A Trappes, sur une population de 31.000 habitants, les deux bureaux de poste
reçoivent plus de 1.000 clients chaque jour, souvent pour des montants
extrêmement faibles. Il n'est pas rare que les retraits sur les
livrets A y soient de 5 francs par opération ! C'est ainsi, par
exemple que, le 17 avril 1997, le bureau de Trappes a enregistré 7
retraits (sur les livrets A et les CCP) inférieurs à
100 francs, dont 5 retraits de moins de 50 francs et un retrait
de 14 francs. Au total, le nombre des retraits effectués sur le
livret A pour un montant inférieur à 200 francs avoisine plus de
30 % du nombre total des retraits effectués chaque année,
tandis que 15 % des retraits CCP sont inférieurs à ce
montant.
Or dans ce bureau, le coût de chaque opération est
d'environ 20 francs
!
Certes, les banques sont également présentes -quoique en beaucoup
moins grand nombre- dans les zones urbaines sensibles, mais l'absence de
sélection des clientèles renforce sans aucun doute la proportion
des personnes en difficulté qui s'adressent à La Poste. Comme le
relevait le receveur de la poste de Trappes, certaines banques affichent dans
leur vitrine : "
Pas de retraits inférieurs à
500 francs "
.
Comme le montre une étude réalisée pour l'AFB
auprès de 508 personnes de plus de 18 ans résidant dans
25 quartiers HLM défavorisés, La Poste est la banque de
19 % d'entre eux, suivie par la Caisse d'Épargne (16 %).

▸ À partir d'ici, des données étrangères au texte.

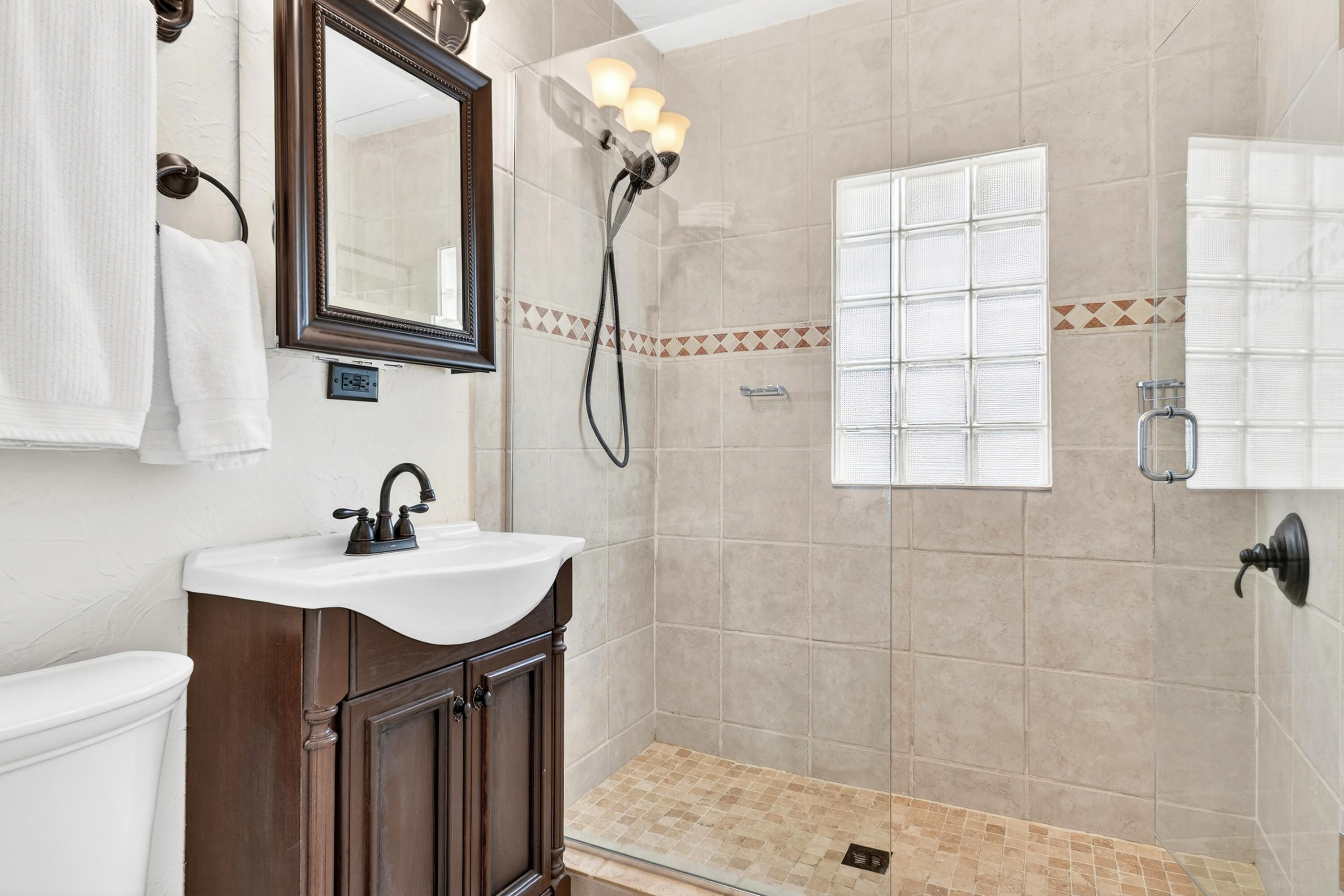 BELAIR WPB - Residential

Viennent ensuite le Crédit agricole (15 %), et à
égalité le Crédit Lyonnais et la Banque nationale de Paris
avec chacun 11 %.
Il convient d'ajouter aux charges directes de l'accueil financier à
titre social les conséquences difficilement évaluables induites
par cet accueil en termes d'image. Comme le relevait un conseiller financier
rencontré par votre rapporteur : "
lorsqu'on a 100.000 francs
à placer, on choisit un guichet financier plutôt qu'un guichet
social pour les investir
!
".
Pendant longtemps, l'avantage relatif dont bénéficiait le livret
A en termes d'épargne administrée, a permis de financer les
charges citoyennes que subit journellement La Poste financière au titre
du " guichet social ". Cet équilibre a cependant
été mis à mal par la création de nouveaux livrets
défiscalisés diffusés par tous les opérateurs
financiers.
Toute politique de banalisation du livret A aurait
vraisemblablement des effets négatifs immédiats sur la situation
des populations paupérisées qui utilisent le guichet social
postal, en déstabilisant ce fragile équilibre financier.